The Hans Peter Olsen House, on Utah State Route 11 in Fountain Green, Utah, United States, was built in 1877. It was listed on the National Register of Historic Places in 1976.

Located at 211 S. State St., it is according to its National Register nomination "one of the finest pioneer brick homes in Sanpete County, an area noted mainly for its outstanding stone houses".

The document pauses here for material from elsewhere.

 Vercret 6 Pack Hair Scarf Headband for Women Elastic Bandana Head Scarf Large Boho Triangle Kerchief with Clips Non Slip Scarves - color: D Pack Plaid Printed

Also:The Hans Peter Olsen home was constructed in 1877, nineteen years after Mr. Olsen came to Utah from Denmark. Born May 30, 1833 in Jutland, Denmark, Hans Peter Olsen grew up on his father's farm. In 1853 he joined the Mormon Church and spent the next four years as a traveling elder in his native country. In 1858 he sailed from Denmark on board the John Bright. Although the Utah War forced most of the European emigrants to remain at Iowa City and Florence, Nebraska, until the following year, a group of fourteen "Danish Fellows" of which Hans Peter was a member, was allowed to journey to Utah with a group of missionaries returning to Utah in the Eldredge company. In November 1858 he settled in Manti and the following spring moved to Moroni as one of the first settlers of that community. In 1867 he moved to Fountain Green and ten years later constructed the lovely brick home. He returned to Denmark on two missions for the LDS Church first in 1869 and again in 1891. While living in Fountain Green, he was a farmer and director of the local co-op store.